Conte, se un Tribunale decide la democrazia dei partiti

di ALDO BELLI – Non chiamatela politica, prima dei padri fondatori, è il fondatore della nostra lingua, Dante, a rivoltarsi nella tomba.

La notizia di un tribunale (quello di Napoli) che ha sospeso (il 3 febbraio 2022) il presidente (Giuseppe Conte) di un partito (il Movimento 5Stelle) sulla base di un esposto (di tre iscritti al movimento) per violazione dello Statuto (del movimento politico) ha provocato l’inevitabile attenzione dell’informazione e del mondo politico. Il commento più appetitoso ha riguardato le faide pro/contro l’ex presidente del Consiglio. Non dubito che il collegio giudicante napoletano abbia esercitato il proprio magistero in ossequio della legge. Dubito, invece, che non si sia sollevato, dal mondo politico (o cosiddetto) e dalle penne garantiste (tranne le solite eccezioni) dell’informazione, il necessario grido di allarme. Se la vita interna di un partito politico viene consegnata alla magistratura significa che la democrazia sulla quale si fonda la divisione dei poteri è andata a farsi friggere. E non certo per colpa della magistratura.

Ho un ricordo rimasto vivo di molti anni fa. Una sera si presentò all’ingresso della sede di un partito il commissario di polizia accompagnato da un paio di agenti: in cima alle scale un ometto (nel senso di basso di statura) con gli occhiali, che di quel partito era un dirigente storico oltre ad essere un avvocato, Adolfo si chiamava, puntò l’indice contro l’inaspettato ospite intimandogli di non salire un gradino perché l’avrebbe considerata una violazione di domicilio. Ancora prima di sapere perché fosse lì.

Spero che il ricordo e il suo valore simbolico siano sufficienti per esprimere l’agonia che nella democrazia italiana si sta consumando. Inesorabilmente. E senza barlumi che ci facciano sperare. Però un favore continuo a chiederlo: non chiamatela politica quella che abbiamo di fronte. Prima ancora dei nostri padri fondatori, è il fondatore della nostra lingua, Dante, a rivoltarsi nella tomba.

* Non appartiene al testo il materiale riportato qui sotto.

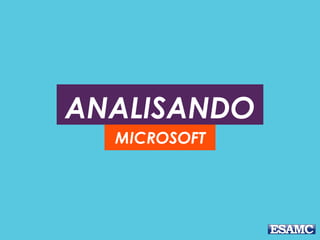 ANALISANDO
MICROSOFT
 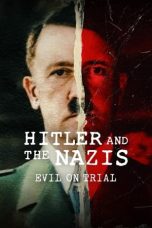Nonton film Hitler and the Nazis: Evil on Trial (2024) terbaru di Dutamovie21 Nonton film Hitler and the Nazis: Evil on Trial (2024) terbaru di Dutamovie21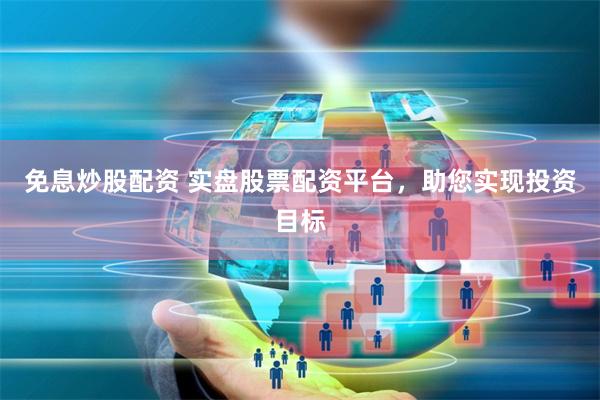 免息炒股配资 实盘股票配资平台，助您实现投资目标
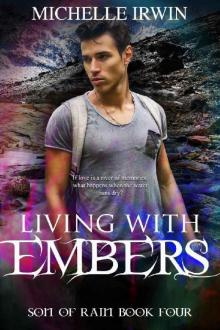 Living with Embers: (Son of Rain #4) Living with Embers: (Son of Rain #4)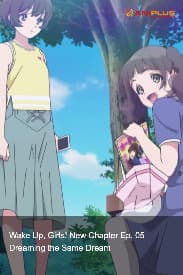 Wake Up, Girls! New Chapter Ep. 05 - Dreaming the Same Dream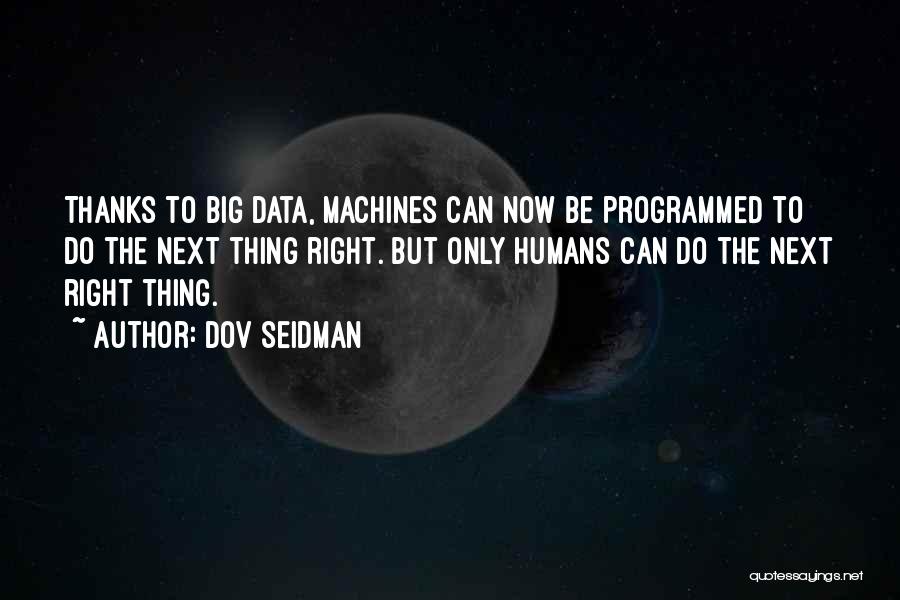 Dov Seidman Quotes: Thanks To Big Data, Machines Can Now Be Programmed To Do The Next Thing Right. But Only Humans Can Do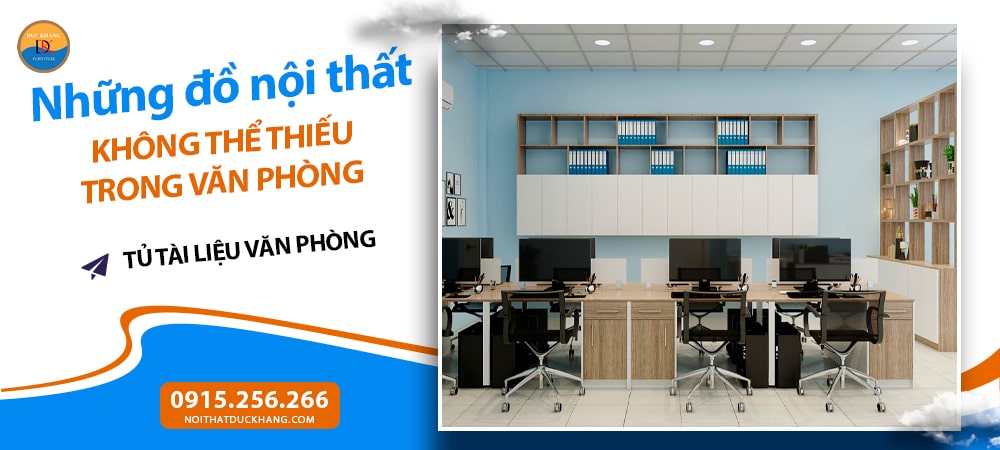 Những đồ nội thất không thể thiếu trong văn phòng - Tủ tài liệu văn phòng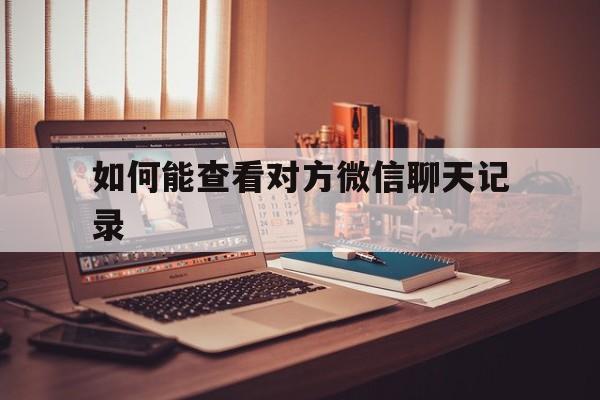 如何能查看对方微信聊天记录（怎样可以查看对方微信聊天记录）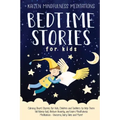 Bedtime Stories for Kids: Calming Short Stories for Kids, Children and Toddlers to Help Them Fall Asleep Fast, Reduce Anxiety, and Learn Mindful
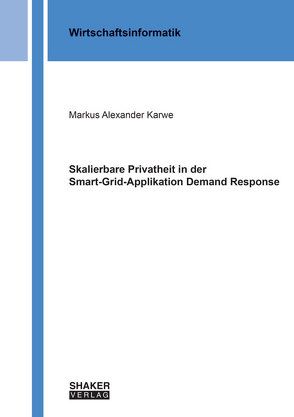 Skalierbare Privatheit in der Smart-Grid-Applikation Demand Response von Karwe,  Markus Alexander
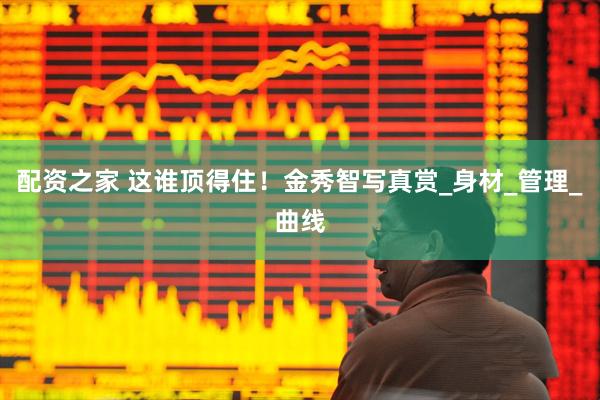 配资之家 这谁顶得住！金秀智写真赏_身材_管理_曲线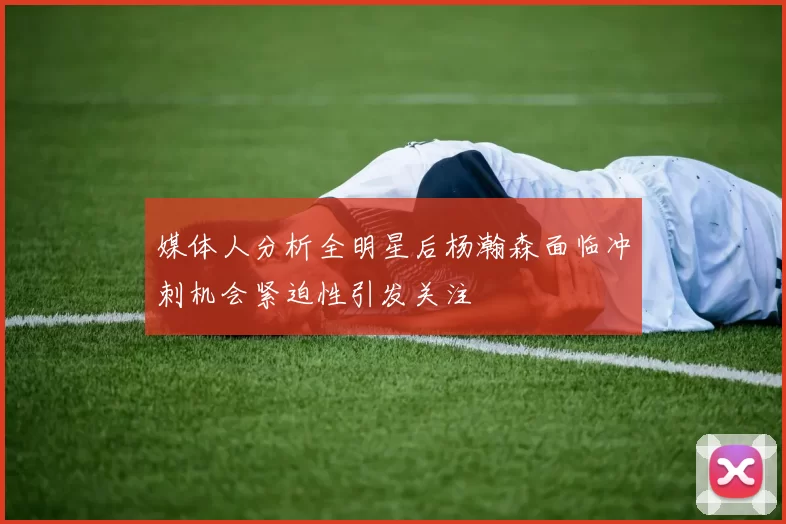 媒体人分析全明星后杨瀚森面临冲刺机会紧迫性引发关注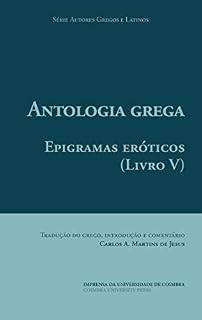Livro Antologia Grega. Epigramas Eróticos: Livro V (Autores Gregos e Latinos 52)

P.S: in Italia è passato inosservato, ma qualcosa del genere era già accaduto a Viareggio, dove il Tribunale di Lucca alcuni mesi fa è stato costretto a sentenziare il legittimo rifiuto di rinnovo della tessera del PD ad un gruppo di iscritti per avere dissentito con la linea del partito (partito: più o meno della serie quattro amici al bar, tanto per rimanere sul tema della democrazia politica).